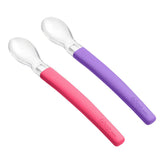 BPA - Free Silicone Baby Spoons - Safe & Developmental Feeding 6+ Months - TryAladdin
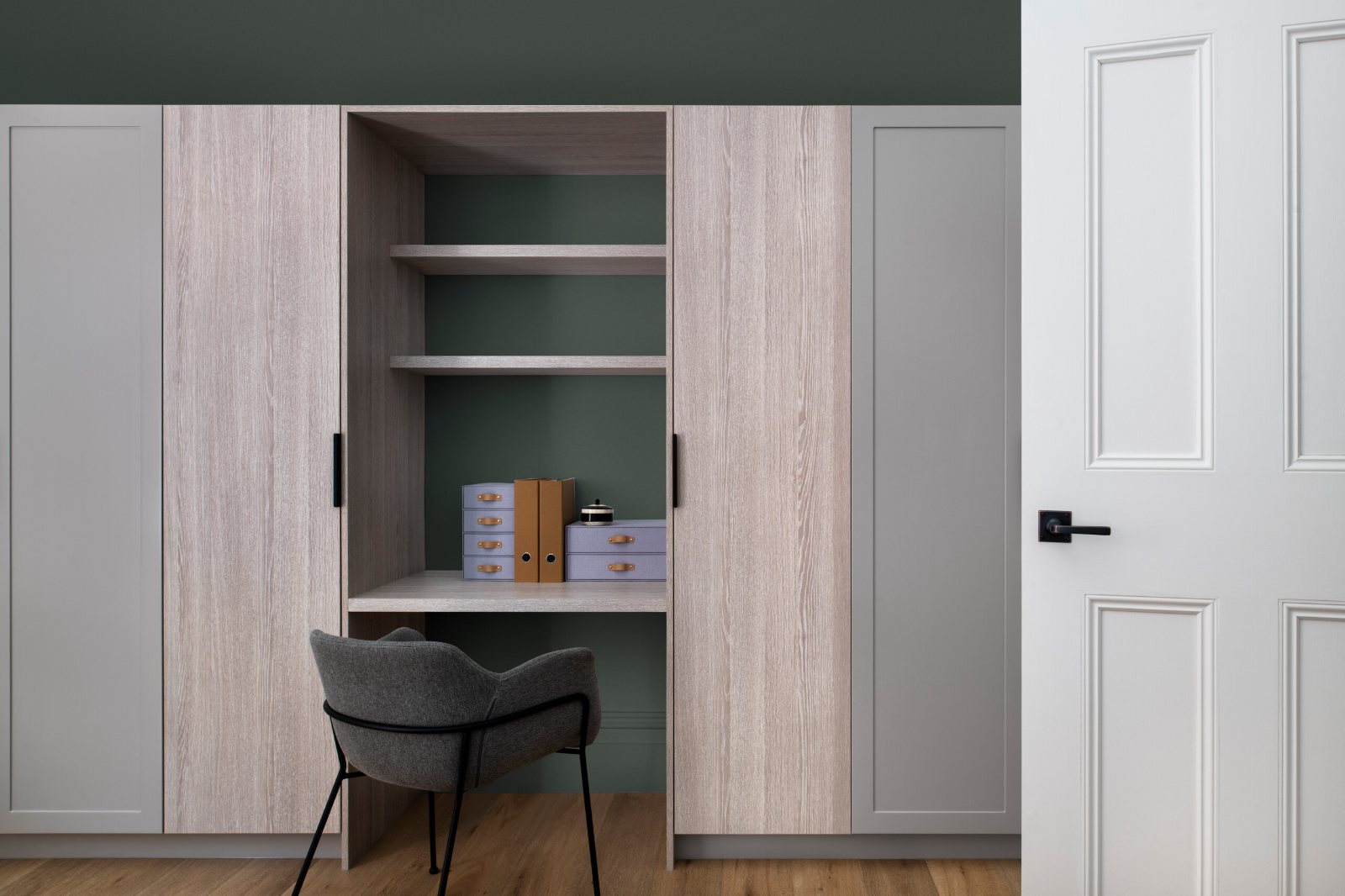 Camberwell Mews, study nook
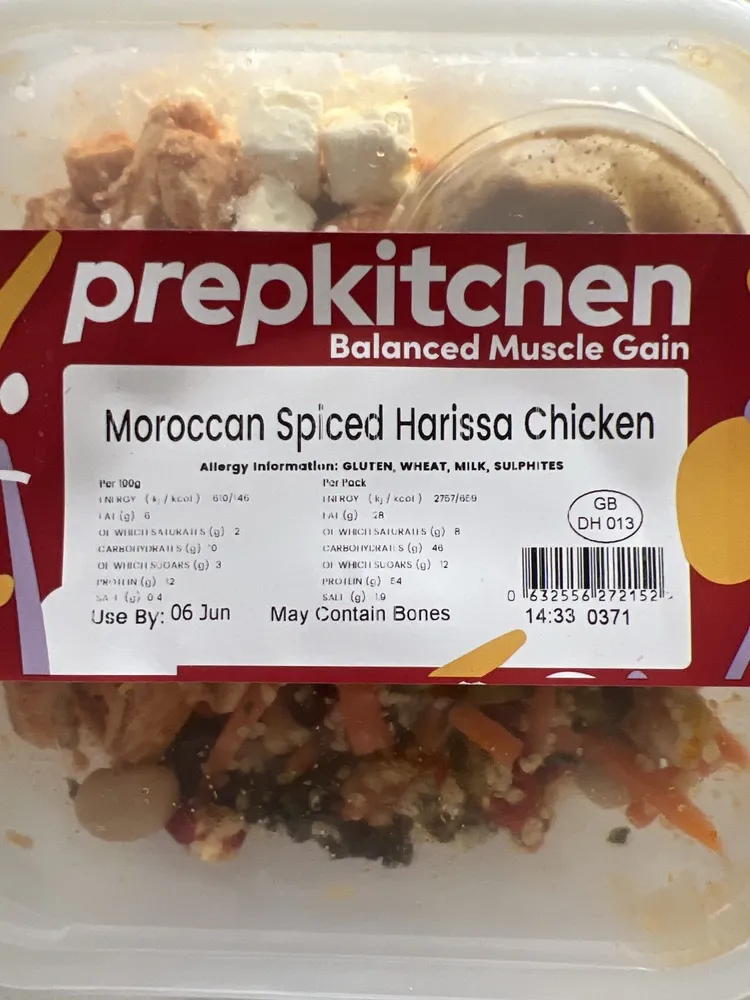 Moroccan Spiced Harissa Chicken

*Your instructions:*
Exclude every image and return the material above exactly.

*Answer space:*
 BPA - Free Silicone Baby Spoons - Safe & Developmental Feeding 6+ Months - TryAladdin
 Camberwell Mews, study nook
 Moroccan Spiced Harissa Chicken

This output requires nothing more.